Creep is a phenomenon in materials science and engineering where gradual deformation or strain occurs over time under a constant load or stress, particularly at elevated temperatures. Understanding and analyzing creep behavior is of significant importance in various industries, including power generation, aerospace, and manufacturing. Creep analysis allows engineers to predict the long-term deformation and potential failure of materials, enabling the design of structures and components that can withstand these conditions. Therefore, determining the life of components subjected to creep is of great importance.
Lesson 1: What is Creep?
In this lesson, first, the creep phenomenon is defined: Creep is time-dependent deformation of a material, and it typically occurs at high temperatures and under constant stress. These stresses are usually lower than the yield stress. Therefore, we can consider three influential factors on creep: time, temperature, and stress level. Since many industrial components operate under constant stress lower than the yield stress and in high-temperature environments, numerous industrial components experience failure due to creep phenomenon. Therefore, the investigation and simulation of the creep phenomenon are of great importance.
Moreover, you will learn more about the temperature factor: The first temperature effect is Vacancy Concentration. In crystalline materials, some atoms are missing from their intended positions in the lattice. These defects in the crystal lattice are called vacancy Concentration. Increasing temperature leads to an increase in the concentration of vacancies, and an increased concentration of vacancies aids the creep process. Also, the creep curve will be discussed, which helps you to better understand the stages of creep. Usually, the strain-time diagram is used to study the creep process. To examine this diagram, you should know the standard creep test methods. The standard creep test is generally performed in two ways: constant load and constant stress. In first method, only a constant load is applied to the sample and the amount of load does not change over time. In the second method, which requires advanced equipment, a constant stress is applied. In this method, considering that the cross-sectional area of the sample is constantly decreasing during the test, the force must also decrease in order to keep the stress constant.
Lesson 2: What are creep life estimation models?

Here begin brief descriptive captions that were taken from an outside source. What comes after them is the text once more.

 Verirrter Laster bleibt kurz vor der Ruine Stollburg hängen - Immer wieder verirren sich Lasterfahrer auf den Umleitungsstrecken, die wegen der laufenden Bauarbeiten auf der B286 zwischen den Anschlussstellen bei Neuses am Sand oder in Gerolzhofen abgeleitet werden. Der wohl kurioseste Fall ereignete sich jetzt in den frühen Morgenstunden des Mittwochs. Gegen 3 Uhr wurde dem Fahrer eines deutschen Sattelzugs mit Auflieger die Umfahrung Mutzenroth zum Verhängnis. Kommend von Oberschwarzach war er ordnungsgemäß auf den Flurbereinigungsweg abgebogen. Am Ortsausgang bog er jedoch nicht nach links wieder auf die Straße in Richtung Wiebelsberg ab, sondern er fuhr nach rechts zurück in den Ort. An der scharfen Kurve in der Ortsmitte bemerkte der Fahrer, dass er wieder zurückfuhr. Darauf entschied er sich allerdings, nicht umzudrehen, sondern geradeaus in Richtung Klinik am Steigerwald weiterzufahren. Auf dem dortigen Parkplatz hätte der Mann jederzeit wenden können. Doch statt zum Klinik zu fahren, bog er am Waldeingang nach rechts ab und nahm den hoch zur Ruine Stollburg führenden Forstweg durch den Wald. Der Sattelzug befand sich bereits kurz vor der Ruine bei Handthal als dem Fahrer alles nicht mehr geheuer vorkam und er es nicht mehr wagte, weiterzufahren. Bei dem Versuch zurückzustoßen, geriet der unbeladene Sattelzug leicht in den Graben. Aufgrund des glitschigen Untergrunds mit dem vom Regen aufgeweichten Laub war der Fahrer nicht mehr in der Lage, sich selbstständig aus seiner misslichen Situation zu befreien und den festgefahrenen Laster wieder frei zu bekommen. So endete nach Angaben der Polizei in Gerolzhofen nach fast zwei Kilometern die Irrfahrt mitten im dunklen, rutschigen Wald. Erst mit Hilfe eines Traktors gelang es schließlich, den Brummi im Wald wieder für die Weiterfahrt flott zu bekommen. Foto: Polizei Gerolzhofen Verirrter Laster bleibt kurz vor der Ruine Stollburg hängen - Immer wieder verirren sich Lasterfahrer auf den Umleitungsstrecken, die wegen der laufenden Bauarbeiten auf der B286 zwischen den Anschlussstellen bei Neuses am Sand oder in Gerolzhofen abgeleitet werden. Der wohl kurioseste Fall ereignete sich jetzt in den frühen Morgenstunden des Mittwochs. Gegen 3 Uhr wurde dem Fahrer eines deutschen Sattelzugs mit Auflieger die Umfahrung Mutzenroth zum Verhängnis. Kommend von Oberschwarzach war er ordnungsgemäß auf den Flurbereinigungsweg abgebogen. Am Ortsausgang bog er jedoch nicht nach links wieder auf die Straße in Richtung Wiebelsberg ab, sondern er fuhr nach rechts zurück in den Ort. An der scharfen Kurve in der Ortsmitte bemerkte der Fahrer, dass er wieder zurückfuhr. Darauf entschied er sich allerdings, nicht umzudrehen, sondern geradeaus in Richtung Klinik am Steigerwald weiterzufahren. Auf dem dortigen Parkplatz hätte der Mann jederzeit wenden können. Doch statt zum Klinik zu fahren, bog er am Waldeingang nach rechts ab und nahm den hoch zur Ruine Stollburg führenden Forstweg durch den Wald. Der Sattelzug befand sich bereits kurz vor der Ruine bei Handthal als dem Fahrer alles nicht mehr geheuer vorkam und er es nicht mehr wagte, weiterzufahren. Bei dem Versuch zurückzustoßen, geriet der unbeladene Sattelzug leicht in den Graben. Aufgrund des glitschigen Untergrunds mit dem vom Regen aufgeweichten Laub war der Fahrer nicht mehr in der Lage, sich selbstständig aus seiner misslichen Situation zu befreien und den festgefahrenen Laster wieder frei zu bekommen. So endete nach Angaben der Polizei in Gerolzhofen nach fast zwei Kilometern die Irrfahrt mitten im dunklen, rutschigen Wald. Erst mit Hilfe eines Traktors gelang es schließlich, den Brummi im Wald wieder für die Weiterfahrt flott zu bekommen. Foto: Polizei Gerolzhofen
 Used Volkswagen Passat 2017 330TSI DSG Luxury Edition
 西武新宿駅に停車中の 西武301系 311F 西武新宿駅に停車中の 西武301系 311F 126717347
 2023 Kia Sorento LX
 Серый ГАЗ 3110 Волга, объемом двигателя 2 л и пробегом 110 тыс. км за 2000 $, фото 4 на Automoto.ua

Engineers need to be aware of the time to failure of system components to prevent extensive damages. As you may know, one of the causes of mechanical component failure is the creep phenomenon. In this section, you will study methods for determining the life of components under creep: Larson-Miller, Orr-Sherby-Dorn, and Polynomials estimation models.
Lesson 3: What are creep models?
There are several models to simulate the creep behavior with and in this lesson, you will learn all the models in the Abaqus. Simulation of creep behavior in Abaqus, provides valuable insights into material response under sustained loads and high temperatures. Abaqus offers sophisticated creep modeling capabilities that enable engineers to accurately predict creep deformation and assess the structural integrity of components over time. In Abaqus, creep can be simulated using various creep models:
- Time-Hardening law: When dealing with loading conditions where the stress or temperature is changing, it is necessary to have a proper hardening relation to accurately models the material behavior. However, in general, it is not recommended to use the time hardening relation when the stress is changing.
- Time-Power law: The time-power law is equivalent to the time hardening law but with modifications to avoid computational problems.
- Strain-Hardening law: This law is suitable for modeling the creep behavior under changing stress conditions. However, similar to the time hardening law, it is more appropriate for low stress levels.
- Power law: The power law is equivalent to the strain hardening law with some slight differences.
- Hyperbolic-Sine law: The hyperbolic sine law, along with the subsequent laws, effectively models creep due to their consideration of the effects of temperature, stress, and time.
- Anand law
- Darveaux law
- Double Power law
These models capture the time-dependent behavior of materials by incorporating parameters like creep exponent, activation energy, and reference stress. Also, if you need another model or a user-defined creep model, you can use the Creep subroutine, which will be explained in workshop 2. Moreover, according to the Abaqus documentation, none of the above models are suitable for modeling the creep cyclic loading, which leaves us with only one option and that is the Creep subroutine.
Workshop 1: Creep process on a standard specimen using Strain-Hardening law
In this workshop, the creep process is simulated to a standard specimen using the Strain-Hardening law. One side of the model is fixed and the other is subjected to the tensile stress. Two steps are used for this modeling; one for the initial loading and the other for the creep. The first step is “Static, General” and the second step is “Visco”. The “Visco” step is for quasi-static problems and the ones whose answers are time-dependent, such as creep and viscoelasticity. In the end, we monitor the strain results due to the creep process.
Workshop 2: Applying creep process on a standard specimen using Creep subroutine
The problem description of this workshop is just like the previous one, but this time the Creep subroutine is used to apply the Strain-Hardening law to the model. The subroutine and all its variables are introduced; the subroutine is explained line by line in this workshop so you can understand how to work with it. In the end, the results of this modeling will be compared with the previous workshop to validate the subroutine results.